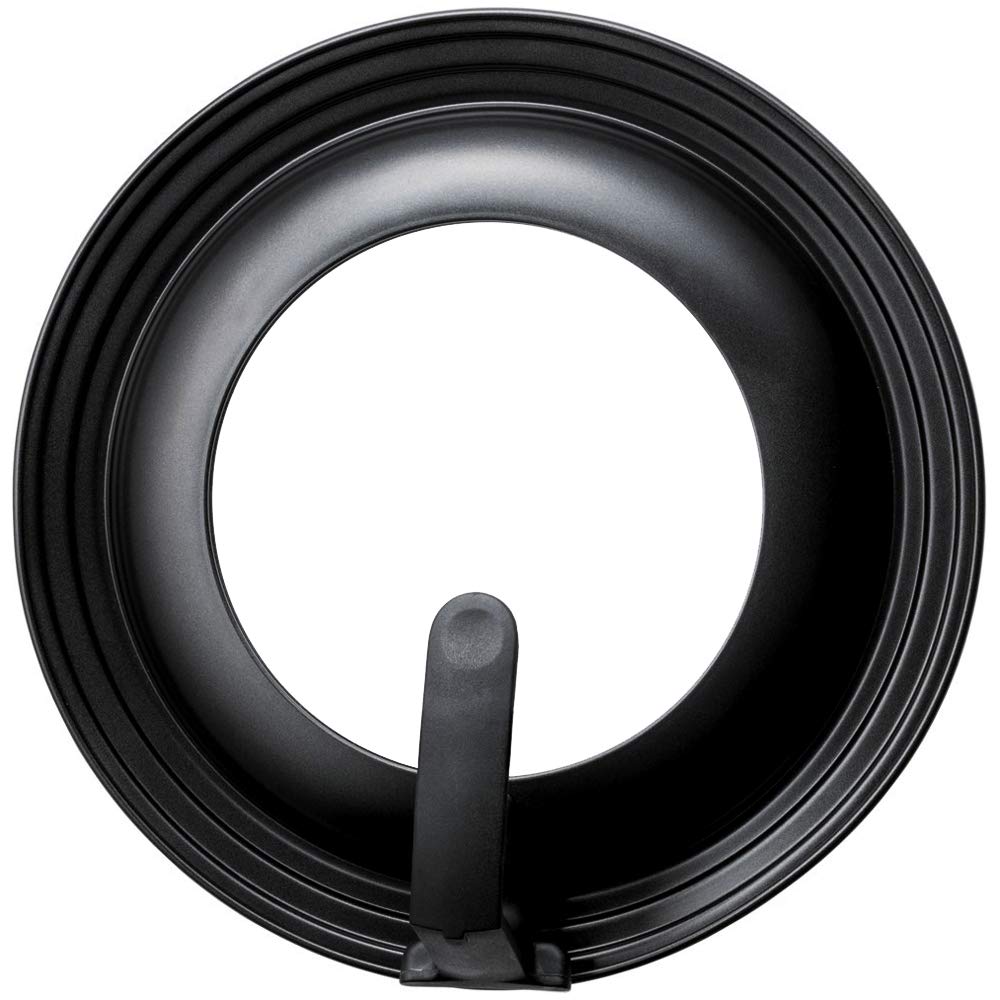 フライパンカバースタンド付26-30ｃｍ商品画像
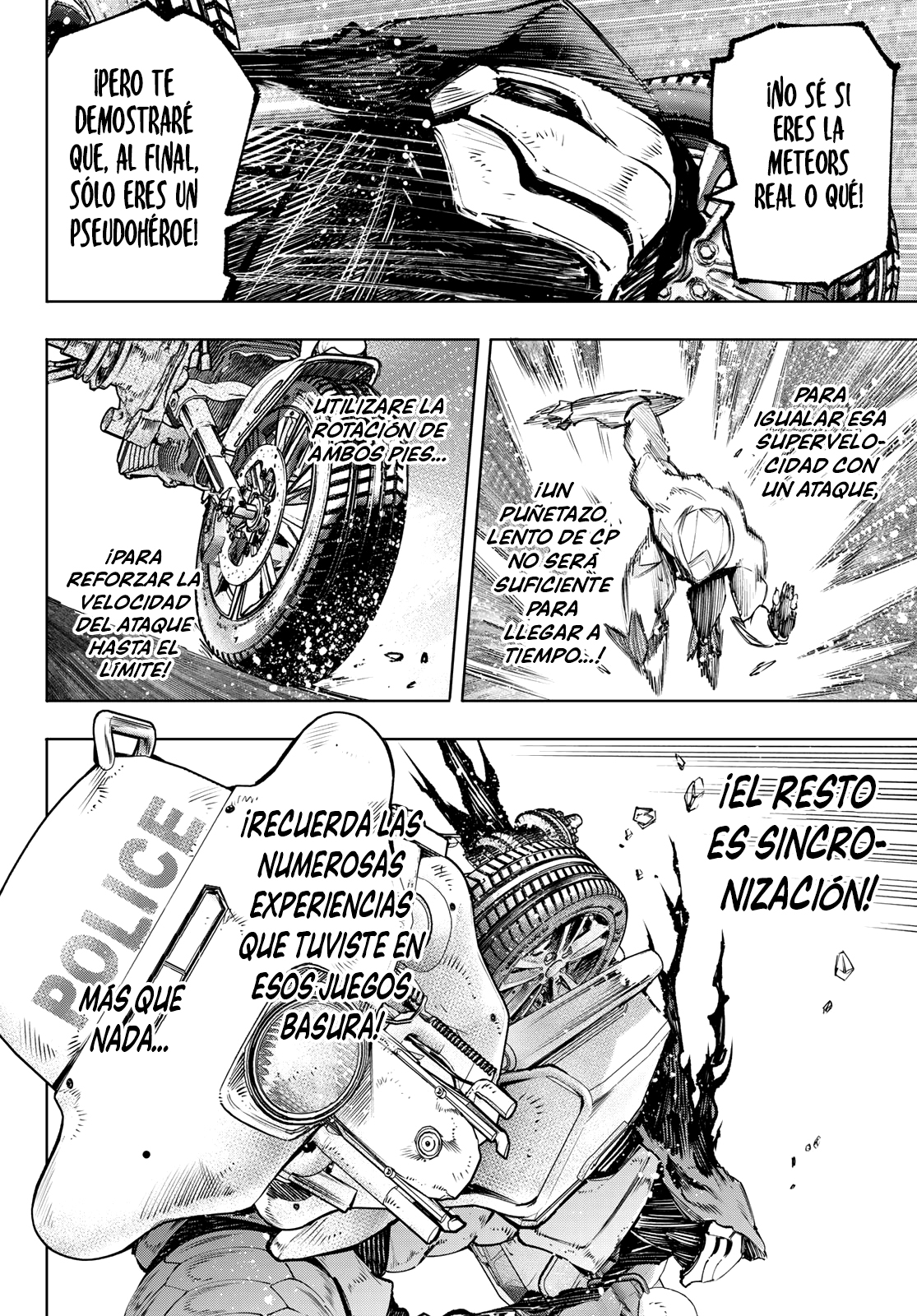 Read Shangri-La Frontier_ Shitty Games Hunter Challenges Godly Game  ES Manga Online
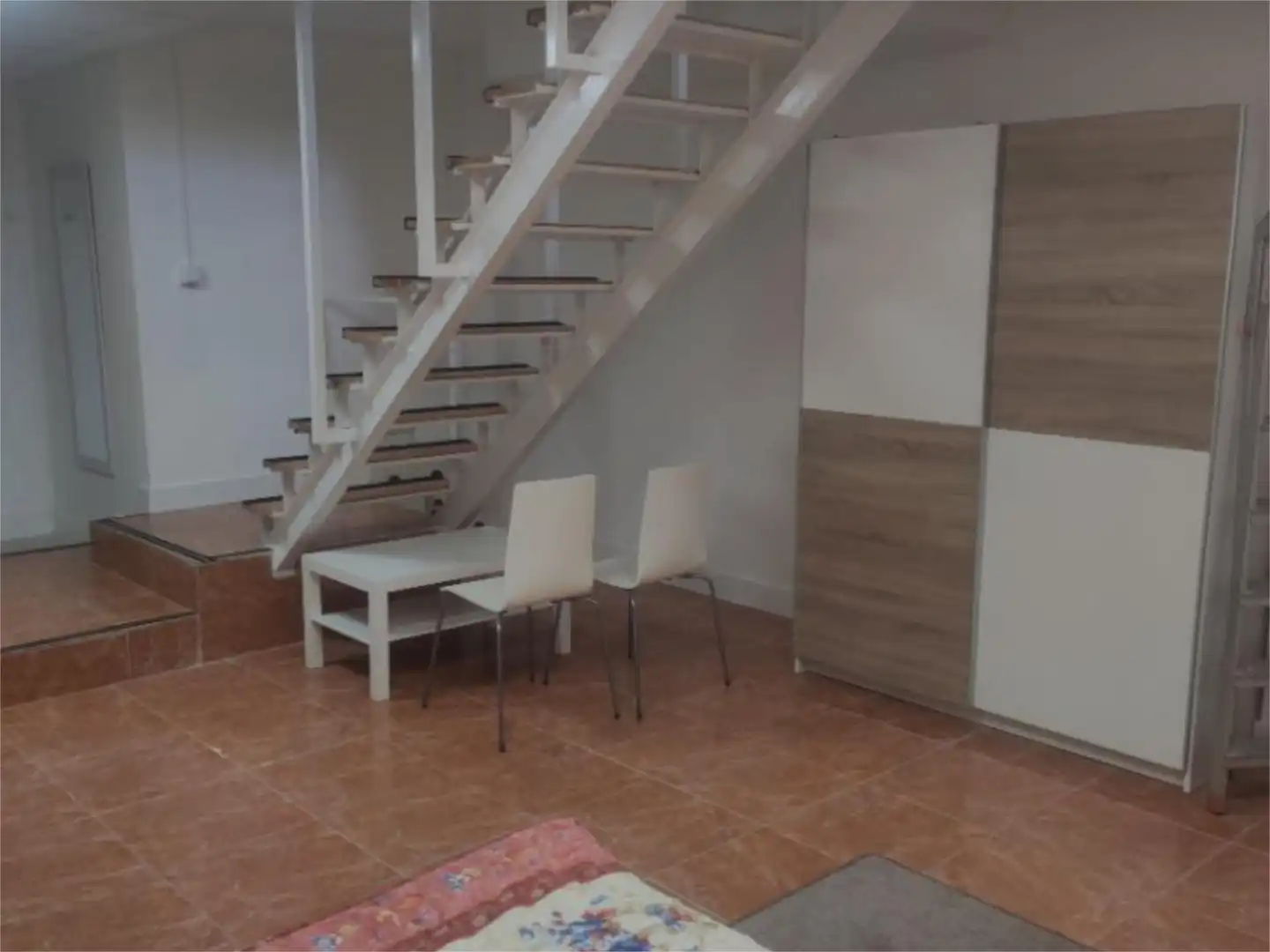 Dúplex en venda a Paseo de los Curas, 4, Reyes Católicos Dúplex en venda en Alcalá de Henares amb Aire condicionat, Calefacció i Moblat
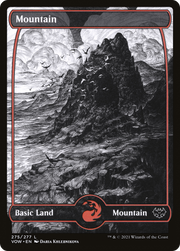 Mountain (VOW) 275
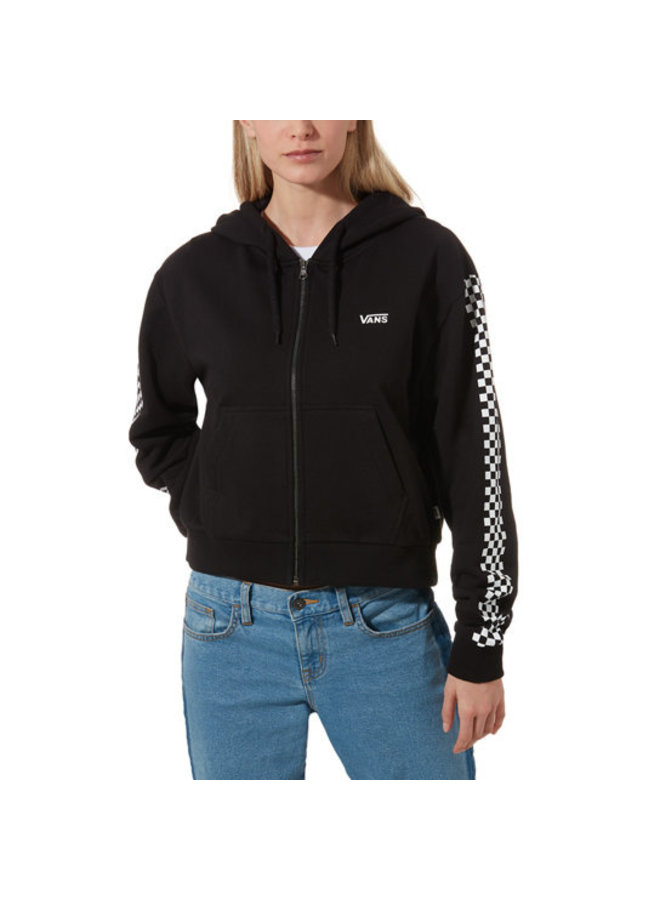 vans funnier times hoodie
══════
Your assignment: An exact copy of the lines from the one with "Dúplex en venda a" through the last line of the records, inclusive, is required, with all pictures left out.

Exercise result:
 Dúplex en venda a Paseo de los Curas, 4, Reyes Católicos Dúplex en venda en Alcalá de Henares amb Aire condicionat, Calefacció i Moblat
 Mountain (VOW) 275
 vans funnier times hoodie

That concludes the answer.